In addition, proposals also exist to:
- Amend the Carbon Border Adjustment Mechanism (EU CBAM), applying a tonnage threshold and leading to the exemption of circa 182,000 smaller importers (circa 90% of participants from scope) and simplification of the compliance process,
- Amend the InvestEU Regulation – a programme that seeks to boost investments, innovation and job-creation in Europe between 2021 and 2027. Its three building blocks are the InvestEU Fund, the InvestEU Advisory Hub and the InvestEU Portal.
Assuming the proposals are implemented, the result will be a significant reduction in the scope of the CSRD, resulting in significant cost savings for many businesses. As a result, and sadly, the availability of data from businesses will be significantly reduced.
In addition, the new proposals miss an opportunity for simplification by not aligning the thresholds of CSRD and CSDDD which will be:
- The CSRD: >1,000 employees (and >€50m revenue or €25m balance sheet total)
- The CSDDD: >1,000 employees (and >€450m revenue).

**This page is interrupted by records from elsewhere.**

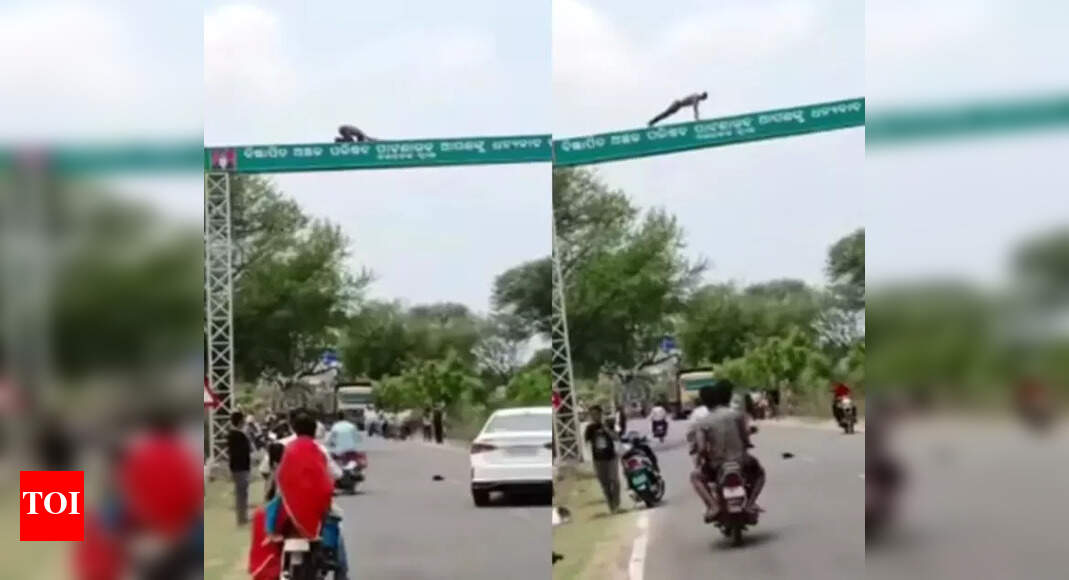 Drunk man does push ups at the top of a signboard - Times of India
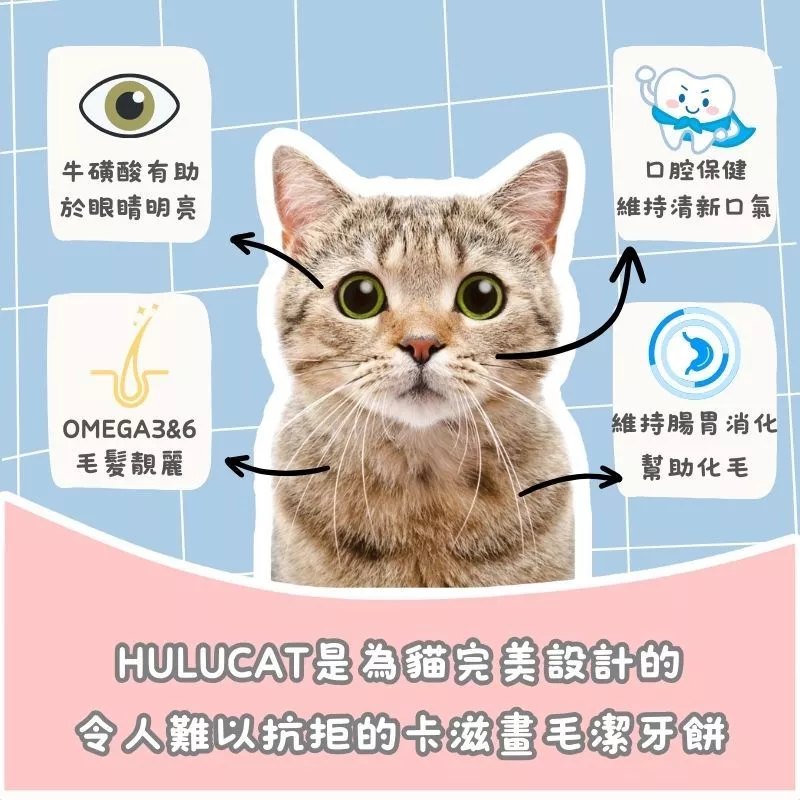 Hulucat 卡滋 化毛配方 潔牙餅 150g 貓零食 貓餅乾 貓餅 潔牙餅 貓咪化毛餅 卡滋化毛潔牙餅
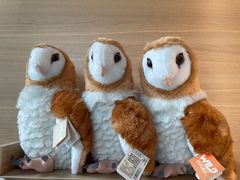 -ZOO COFFEE动物园咖啡(望京锐创店)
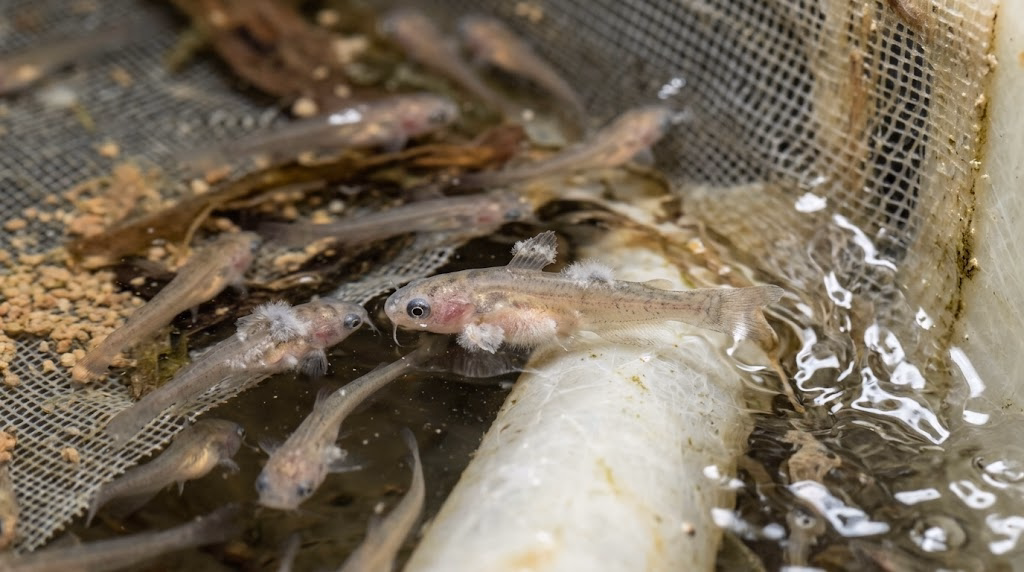 Fungal Diseases of Catfish Fry: Symptoms, Causes, Prevention, and Treatment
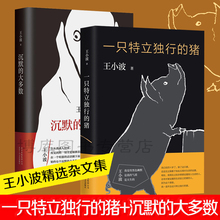 大多数全套2册 王小波杂文精装 纪念版中国现当代文学随笔畅销书籍排行榜 作品集逝世二十周年精装 一只特立独行 沉默 正版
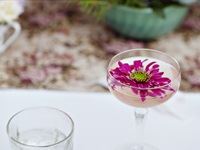 TANQUERAY&#174; Secret Garden Party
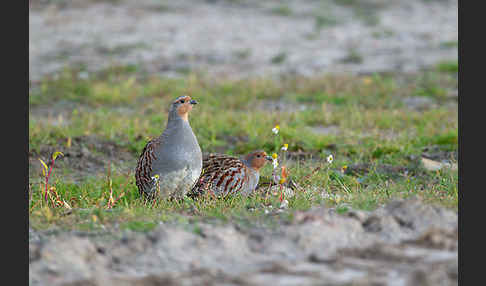 Rebhuhn (Perdix perdix)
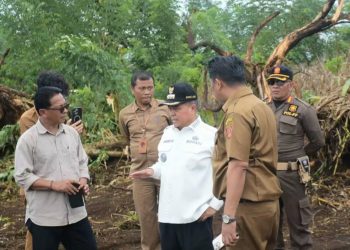 Percepat Pembangunan 440 Unit Huntap, Bupati Agam Tinjau Land Clearing Lokasi di Padang Mardani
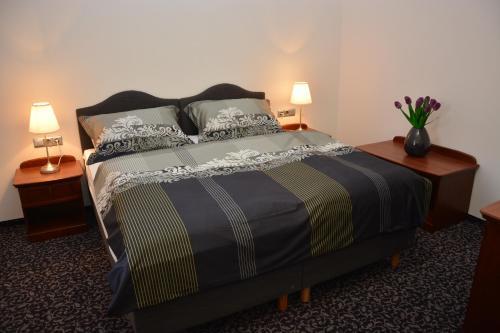 Hotel Z�mek Velk� Byst?ice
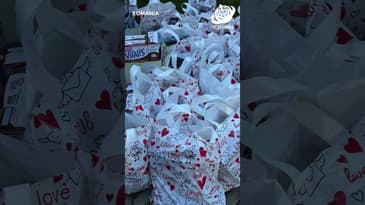 What Did He Do For A Week in Brasov? Romania with Globe Aware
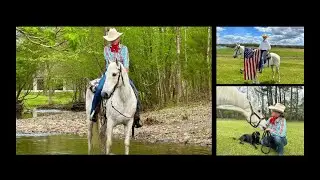 Flea Bitten Tennessee Walking Gaited Trail Gelding For Sale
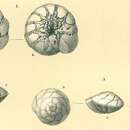 Image of Rotalinoides compressiuscula (Brady 1884)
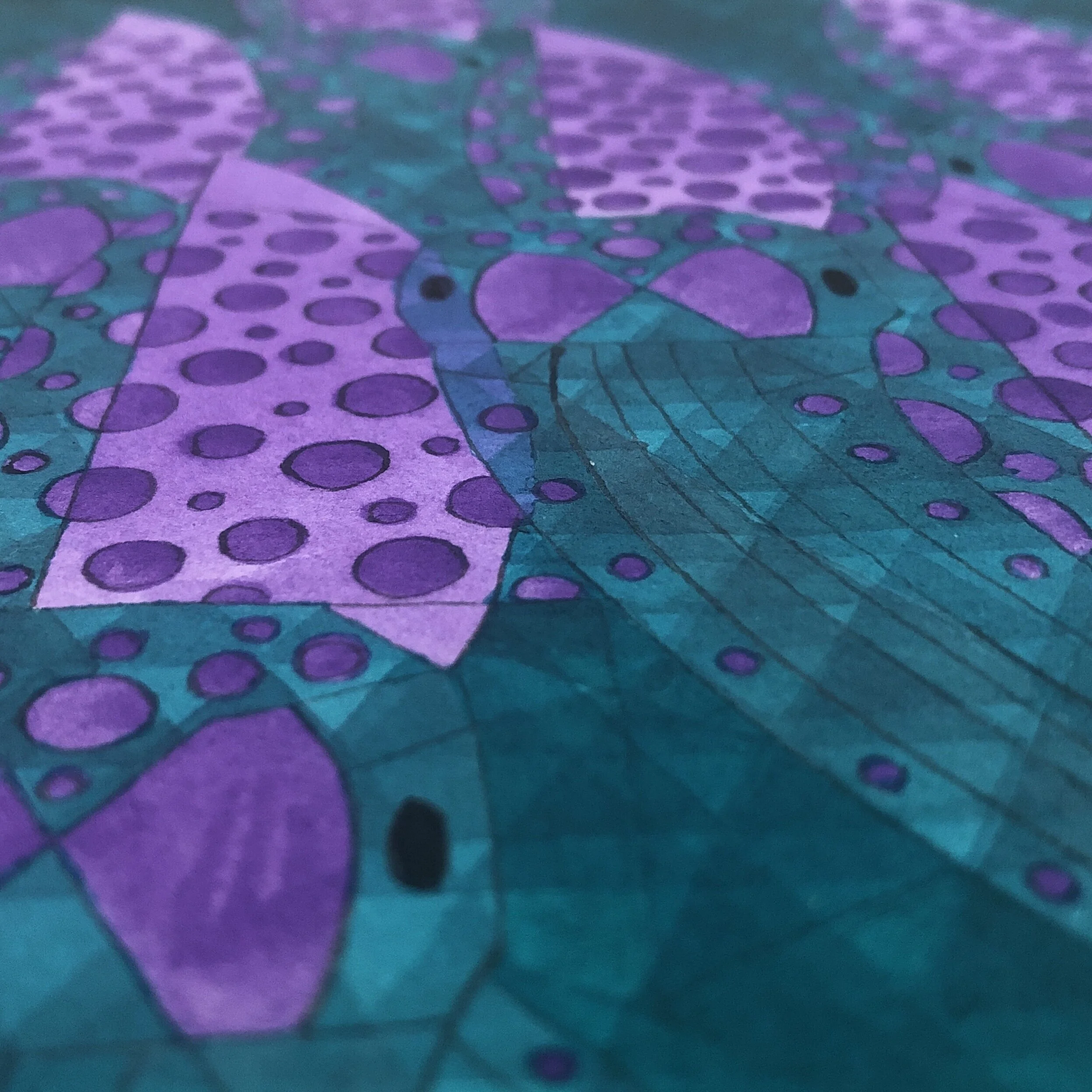 F92AC306-78AC-4683-95C8-CA5263E17C0D.jpeg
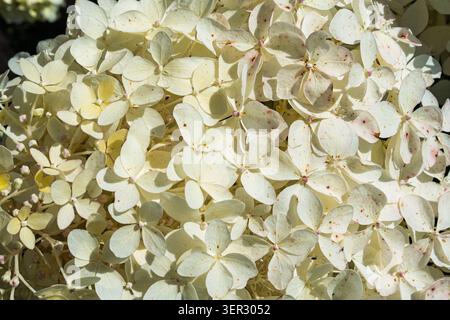 Weiße Hortensie Blume Cluster Nahansicht mit zarten Blütenblättern und natürlichen Texturen Stockfoto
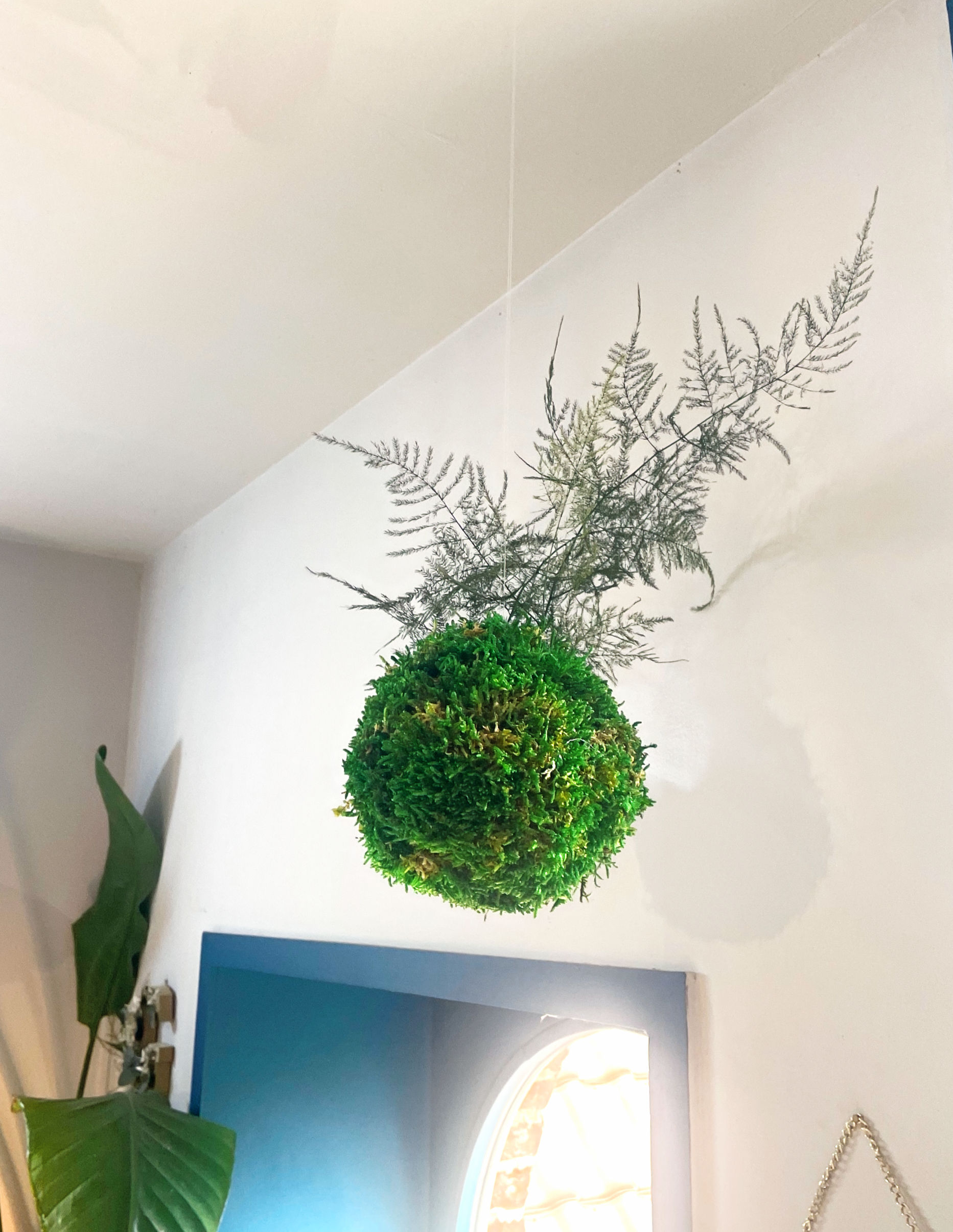 Kokedama stabilisé sans entretien - Asparagus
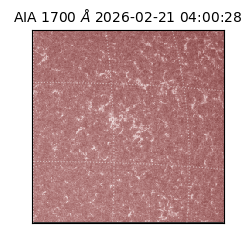 saia - 2026-02-21T04:00:28.710000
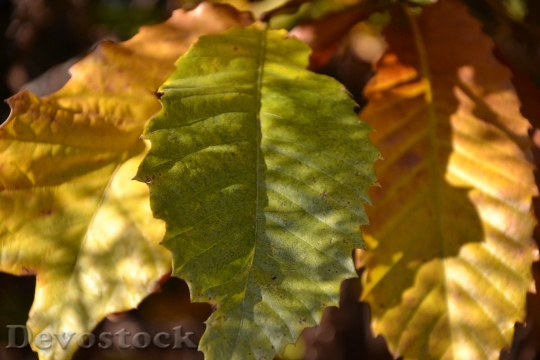 Devostock Leaf Autumn Sun Shadow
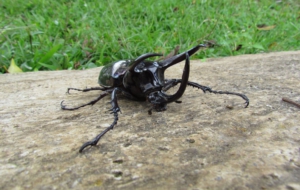 Atlas Beetle Wallpapers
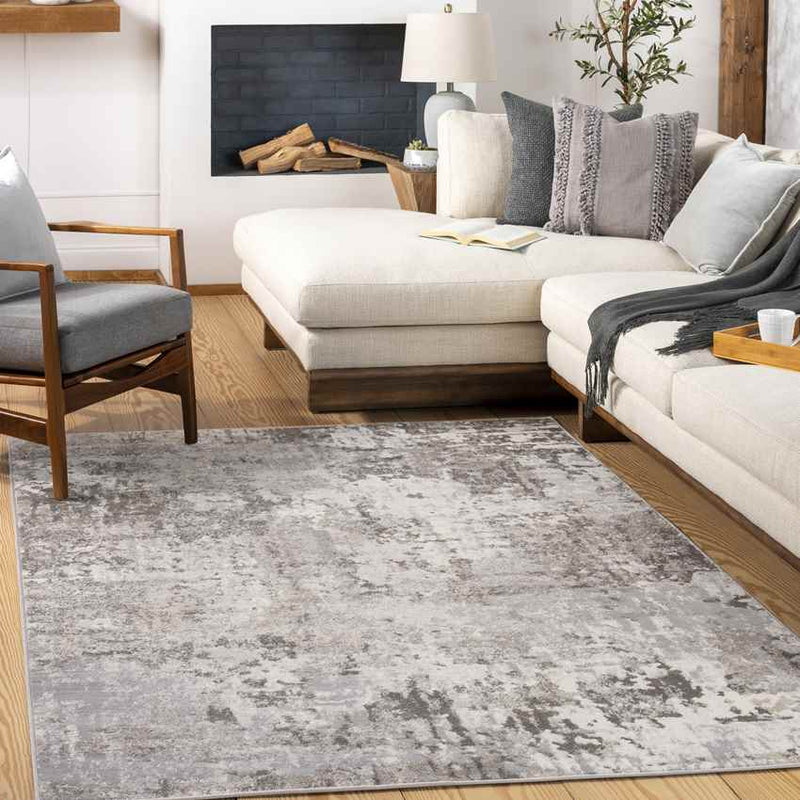 Sheldahl Modern Light Gray Area Rug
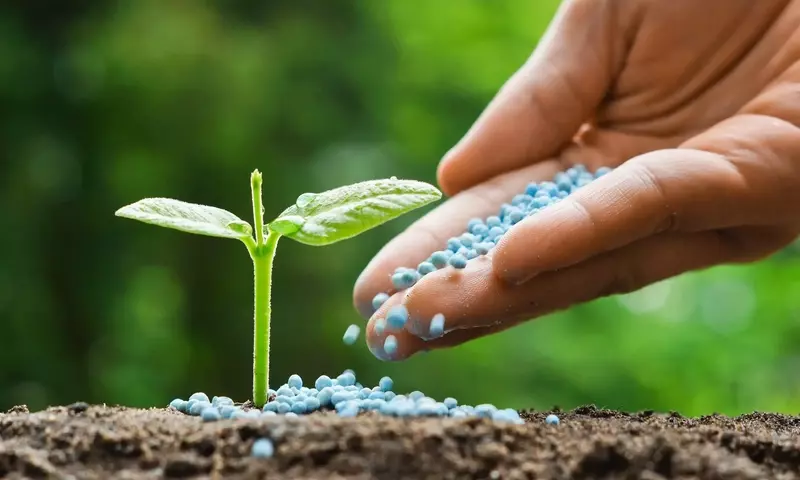 Primeras ayudas para fertilizantes en España: Un alivio para el sector agrario ante la crisis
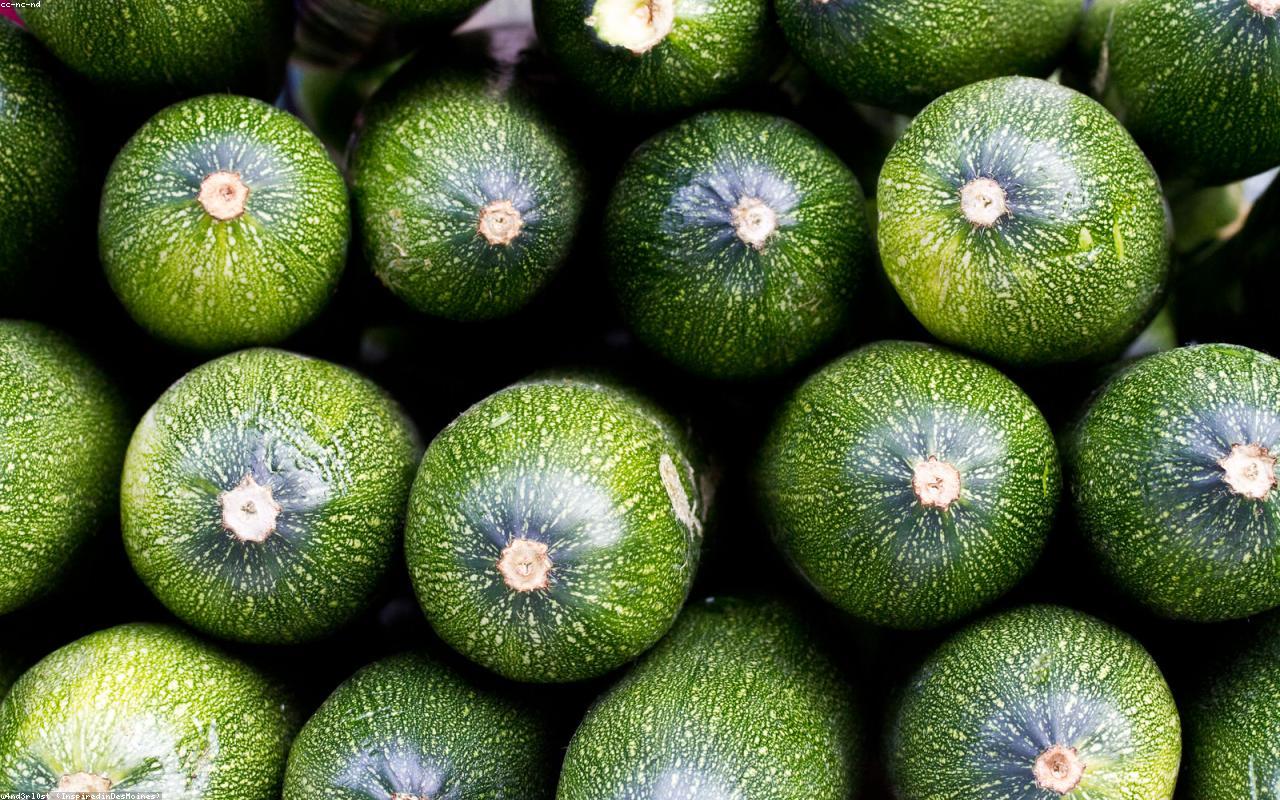 How to Plan Your Compost for the Smallest Possible Bin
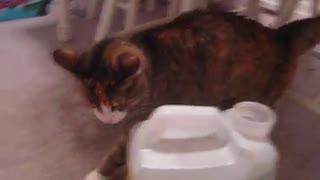 Cat Helps Prepare Her Litter (2011)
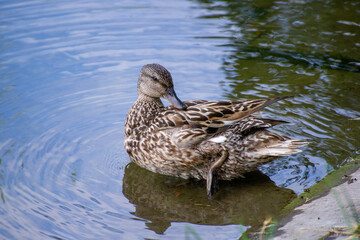  mallard duck swimming on the lake and rpreening its feathers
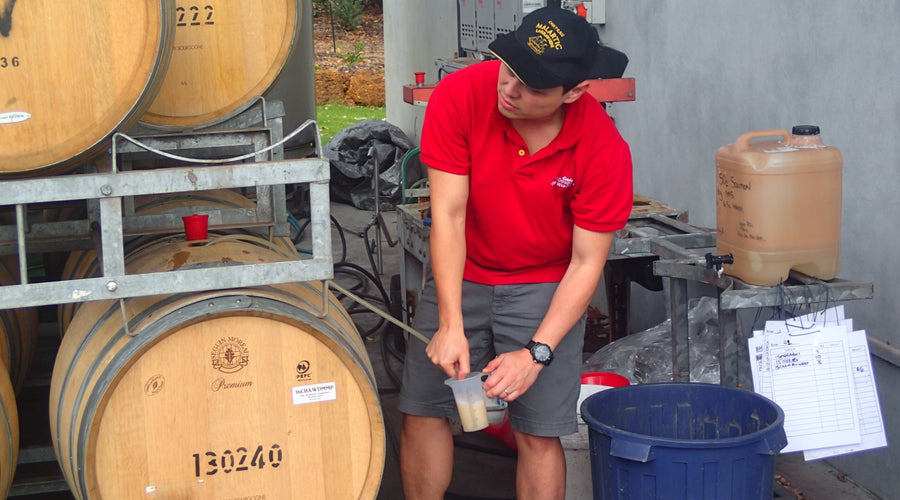 My Origin Story: How I Became A Winemaker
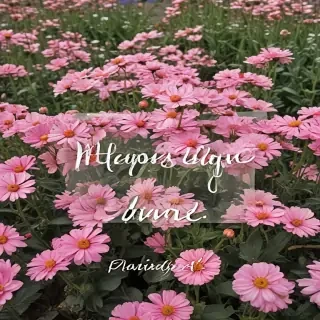 hello june images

Regarding the CSDDD there is a general view that the removal of mandatory civil liability being limited to Tier 1 suppliers will significantly reduce its impact.
The next steps:
The next steps are for the EU ESG omnibus proposals to pass to the European Parliament and the Council of the European Union. As EU legislative procedures can take up to 18 months, the Commission has asked for the changes to be fast-tracked. Whilst the next step may result in amendments, it makes sense for businesses likely to be in scope to continue their CSRD preparations. Equally, any organisation believing the proposed changes may remove them from scope should consider carefully the VSME standard developed by EFRAG so there are no surprises.
The proposals represent a significant impact on sustainability and environmental governance and reporting across the EU member states. As such, its potential impacts, both positive and negative, are likely to be felt for many decades to come. As with the planet, there really is only one opportunity to get things right.